The Hadamard gate operates on a single qubit. The state of a single qubit can be described as $\alpha \left|0\right\rangle + \beta \left|1\right\rangle$, where $|\alpha|^2 + |\beta|^2 = 1$. If you measure the qubit, the output is $0$ with probability $|\alpha|^2$, and $1$ with probability $|\beta|^2$. From a linear-algebraic perspective, the state of a qubit is just a unit norm vector of length two over the complex numbers. The two vectors $\left|0\right\rangle,\left|1\right\rangle$ span a vector space of dimension two (over the complex numbers), and every unit norm vector in that vector space can be the state of a qubit.

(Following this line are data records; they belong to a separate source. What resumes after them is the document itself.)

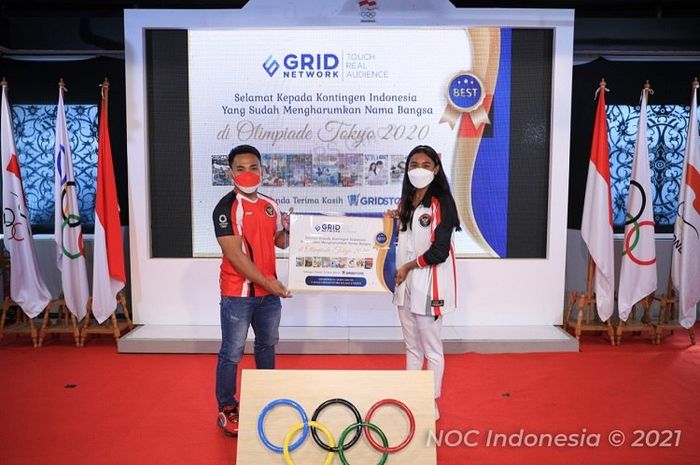 Pemberian penghargaan dari Grid Network - Kompas Gramedia kepada kontingen Indonesia di Olimpiade Tokto 2020.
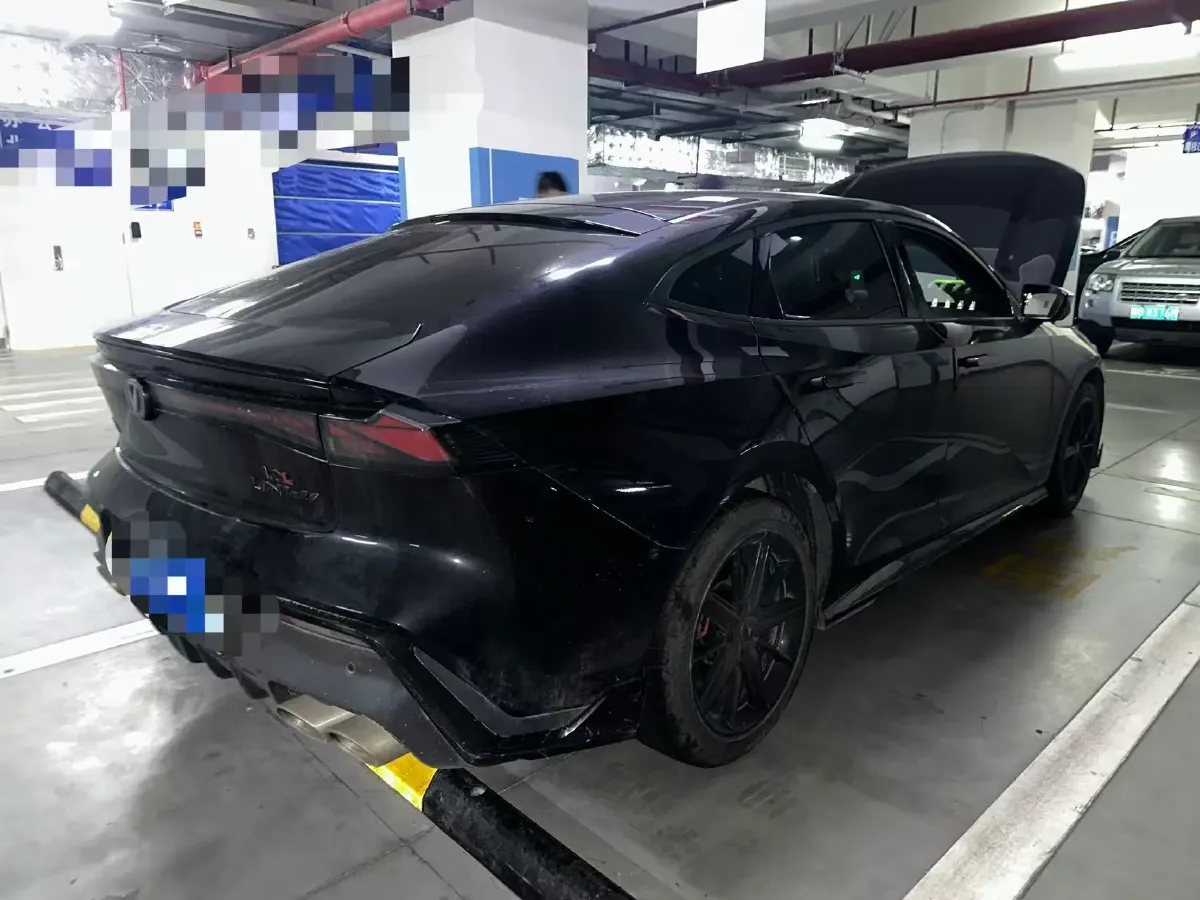 2022 ChangAn UNI-V 2.0T 233HP L4 8AT,autocango,china used car exporter,china ev exporter,chinese used car exporter,chinese used ev exporter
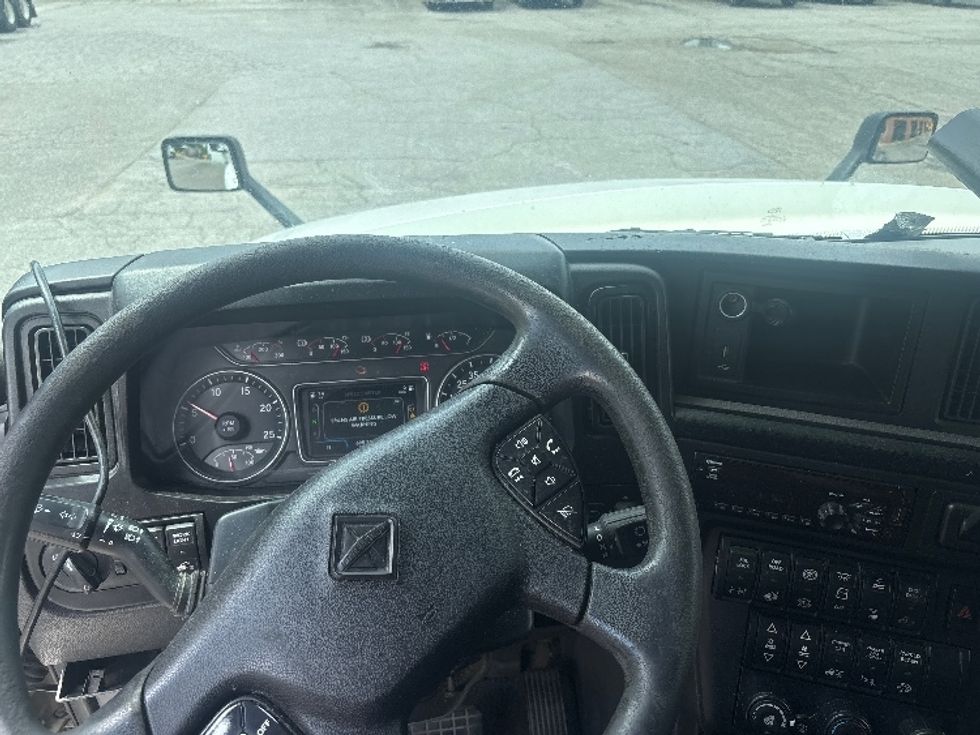 Sleeper Tractor-Heavy Duty Tractors-International-2019-LT625-Martinsville-VA-695,342\n\t\tmiles-$ 31,500 - Image 11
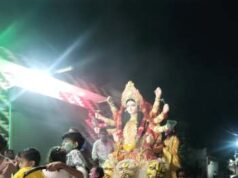 धोबनी में धूमधाम से निकली मां दुर्गा की विसर्जन यात्रा, नम आंखों से दी गई विदाई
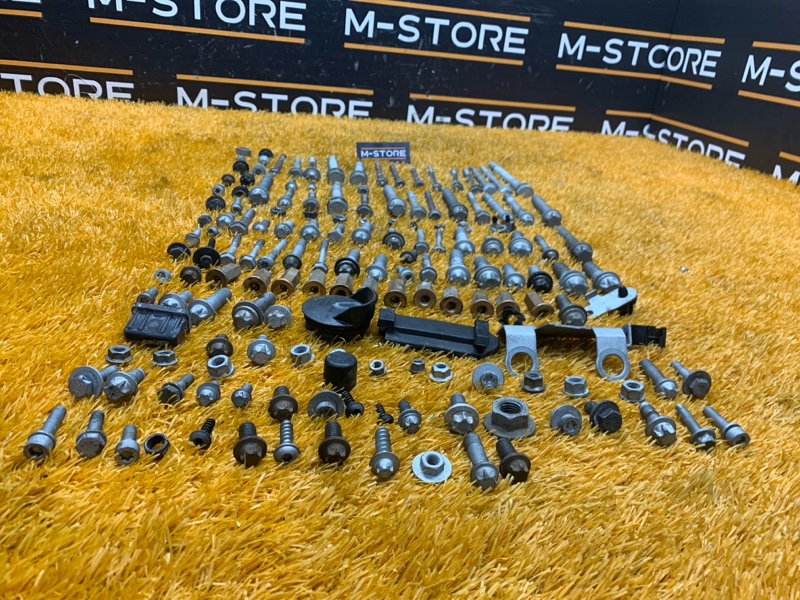 Болты и гайки ДВС, 930 рублей, Красноярск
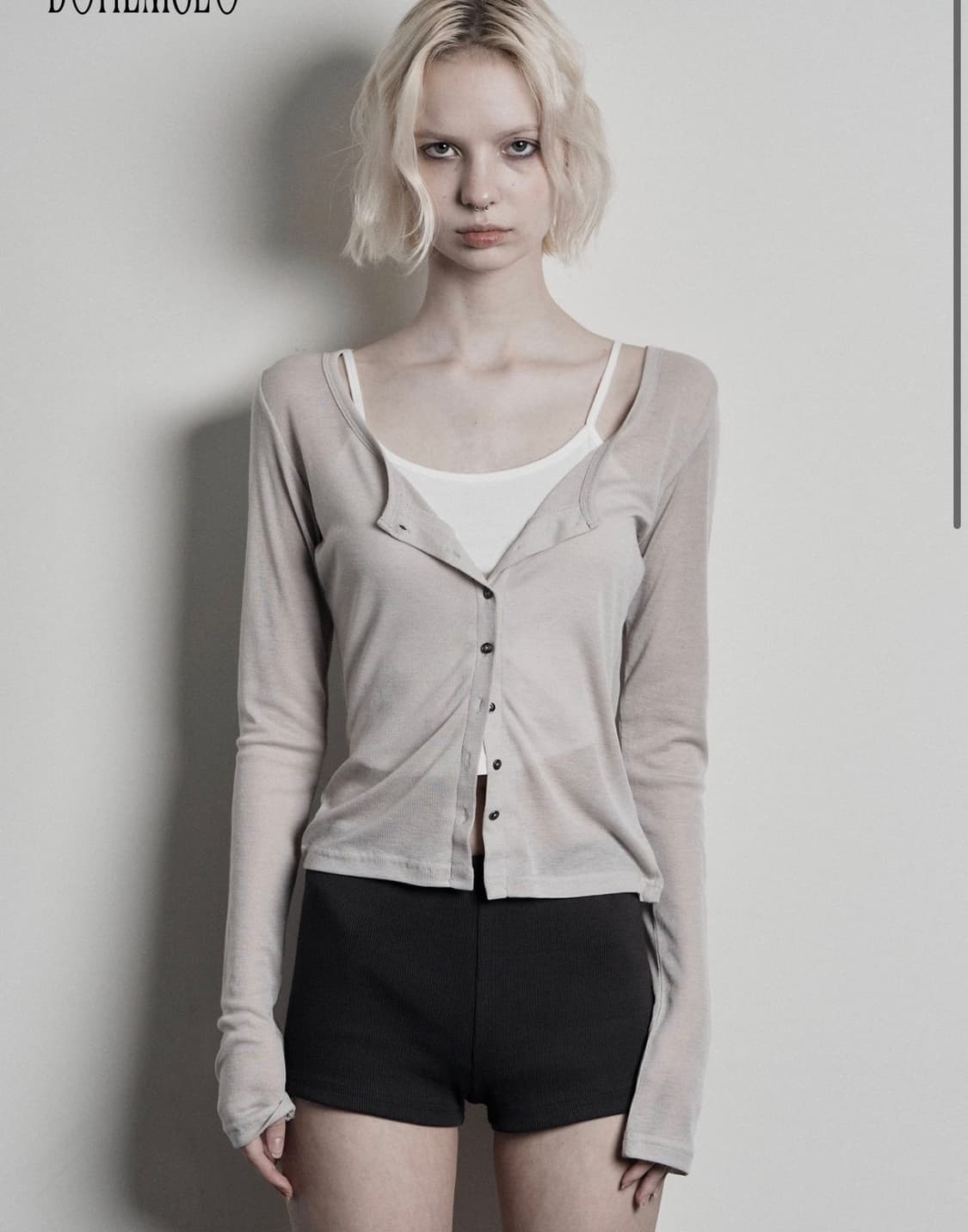 보헴서 BASIC SCOOPED BUTTON CARDIGAN, BEIGE 상품이미지1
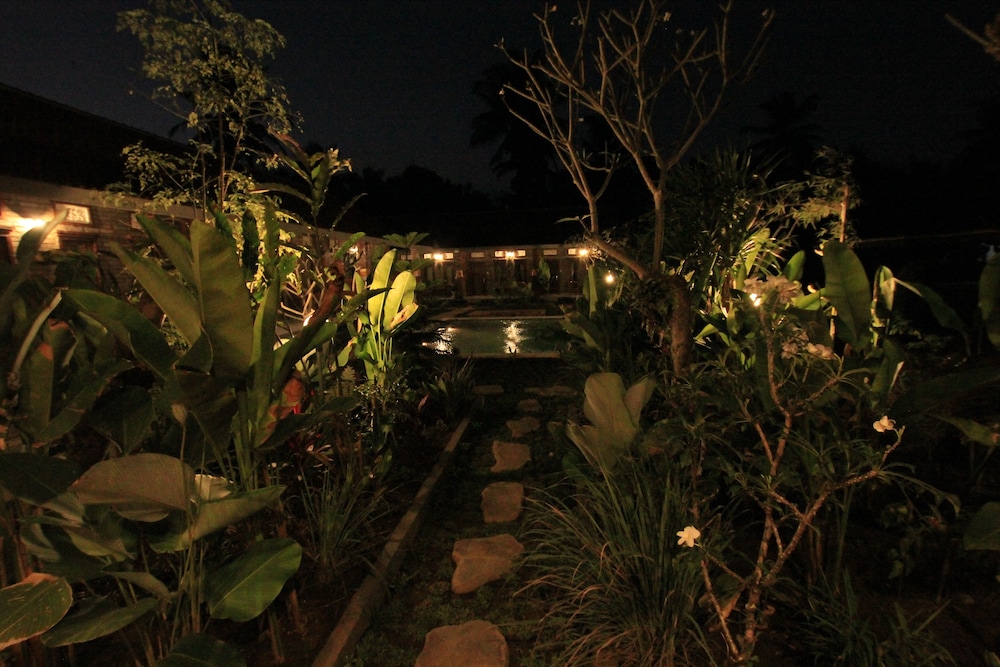 

Milano - Abiansemal - Ayuna Family Ubud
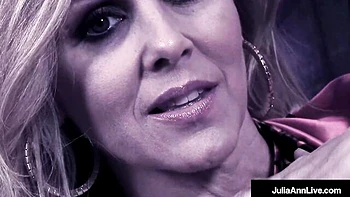 Julia's Milf With Big Fake Tits Gets Masturbated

Since the state always has unit norm, the only linear operators possible on qubits are those that preserve norms. From linear algebra, we know that these are exactly the Hermitian operators. To describe an operator, it suffice to describe its effect on a basis. For example, the value of your operator on the vector $\left| 0 \right\rangle$ is $\frac{\left| 0 \right\rangle + \left| 1 \right\rangle}{\sqrt{2}}$.

According to Wikipedia, the Hadamard gate is used to form a "random input". If applied to a constant qubit (i.e., $\left| 0 \right\rangle$, $\left| 1 \right\rangle$, or a rotation of these by a unit norm complex number), the Hadamard gate forms a "uniformly random" qubit, which when measured behaves like a fair coin toss. This is the kind of behavior we want when "trying all possibilities in parallel".

I suggest you continue your reading on quantum computation; when you get to quantum algorithms (like Grover's and Shor's), you will understand what all these quantum gates are useful for.